THE GREATEST SONGS OF THE 1960s THAT NO ONE HAS EVER HEARD

479) Jan & Dean — “Mulholland”

In my mind, this is the greatest ode to a street in song since “Penny Lane.” Terry Staunton sees “a formidable sophistication to . . . the epic LA poetry of Mulholland.” (https://recordcollectormag.com/reviews/album/carnival-of-sound). Domenic Priore & Mark Moore explain that:

“Mullholland” equates the zenith drive atop Hollywood Hills as a celestial experience, complemented by a sitar and a raga “snake charmer” motif, giving the song a magic-carpet feel. It’s then all brought down to Earth by a girl jumping not onto a flying rug, but into Jan’s car. The extended stereo mix . . . features some of Jan & Dean’s stock-in-trade comedy with Jan arguing with police before breaking into a bit of “Yes Sir, That’s My Baby.”
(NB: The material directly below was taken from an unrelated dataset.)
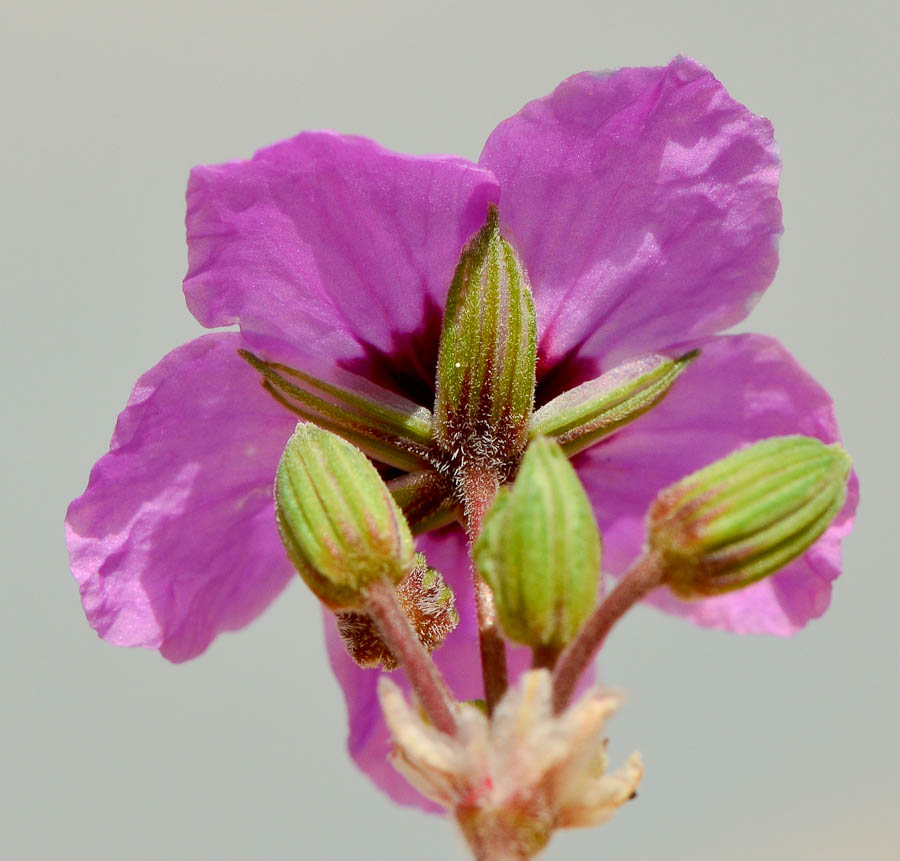 Изображение особи Erodium crassifolium.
liner notes to the Carnival of Sound CD

Anyway, the song comes from the fabled “lost” Carnival of Sound album, unreleased until 2010 (see #376). Gold Mine Magazine and Endless Summer Quarterly enthuse that:

Jan Berry’s Carnival Of Sound — a collection of music he finished in 1968 (after his near-fatal automobile accident on April 12, 1966) — is astonishing . . . . This album will close a previously mythic chapter and invigorate Jan Berry’s musical legacy. . . . This is psychedelic pop at its best.
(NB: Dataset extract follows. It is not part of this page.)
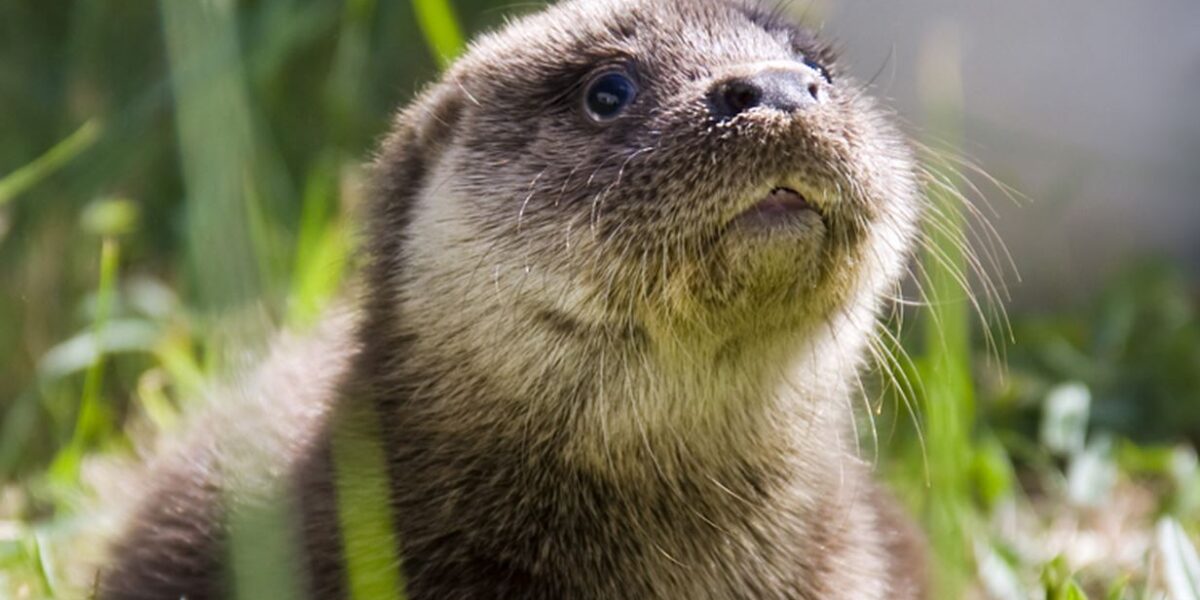Nahaufnahme eines jungen Fischotters, der im Gras sitzt und leicht nach oben schaut, wobei im Hintergrund grünes Laub zu sehen ist.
https://www.bear-family.com/jan-dean-carnival-of-sound-plus-deluxe-edition-the-legendary-unissued-album-cd.html

Bruce Eder adds that:

[I]f not as well-known as Brian Wilson’s Smile, Carnival of Sound is just as tantalizing a “lost” artifact of the psychedelic ’60s . . . . What is here is mostly fun, and beautifully accomplished, with superb playing and excellent singing; and the production is, at times, stunning, and also far more self-consciously ambitious than prior Jan and Dean releases . . . . Jan & Dean had always managed to quietly impress listeners by slipping these beautifully produced jewels past them as pop music, but on Carnival of Sound, they were very obviously calling more attention to the layers of sound swirling and shifting below the surface . . . .

https://www.allmusic.com/album/carnival-of-sound-mw0001977238

Terry Staunton adds that:

The Beach Boys are rightly held in awe for making the journey from the throway Surfin’ Safari to the eloquent genius of Pet Sounds in less than five years, but they weren’t the only sunkissed Californians pushing the envelope. History has often overlooked Jan & Dean, but Jan Berry always hungered for the teen symphonies so commonly associated with Brian Wilson. The duo’s career was put on hold after Berry’s horrific car crash in 1966, but he continued to piece together the components of Carnival Of Sound during his long recovery.